Ha — right you are!
It has already been tried, both the ages before govt, every time govt fell down, and in the case of San Francisco, just got way too lax.
The idea that we can somehow get away without governance (or intelligence ops, or policing) is born completely of very high privilege — it completely assumes that all the things that the govt does just happen automatically.
It is just like the idiot new manager who arrives and sees that the halls and offices are clean so fires the janitorial staff as excess cost or because they are inconvenient.
Of course there are overreaches and abuses of intelligence, and the very concept of policing and everything about it's training, practice, accountability, and results needs to be burnt to the ground and overhauled.
But that does NOT mean that we can get away without it. Because, as you noted, even a little time without it becomes a disaster.

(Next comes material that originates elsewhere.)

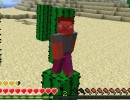 [1.10.2] Natural Absorption Mod Download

The key is not to abandon intelligence. The key is to strengthen democracy, make sure that the institutions of democracy, lawmaking, executive, judicial, press, academia, industry, ngos, and individual people all have their own separate power base and independence.
In autocracies, all of these are bent to the service of the leader/oligarch.
In democracies, there are all kinds of visible flaws, but they tend to be self-correcting, because there is oversight and balance of power. That alone does not prevent overreach or abuses, but it does lead to them being eventually corrected.
As Churchill said: "Democracy is the worst form of government, except for all others."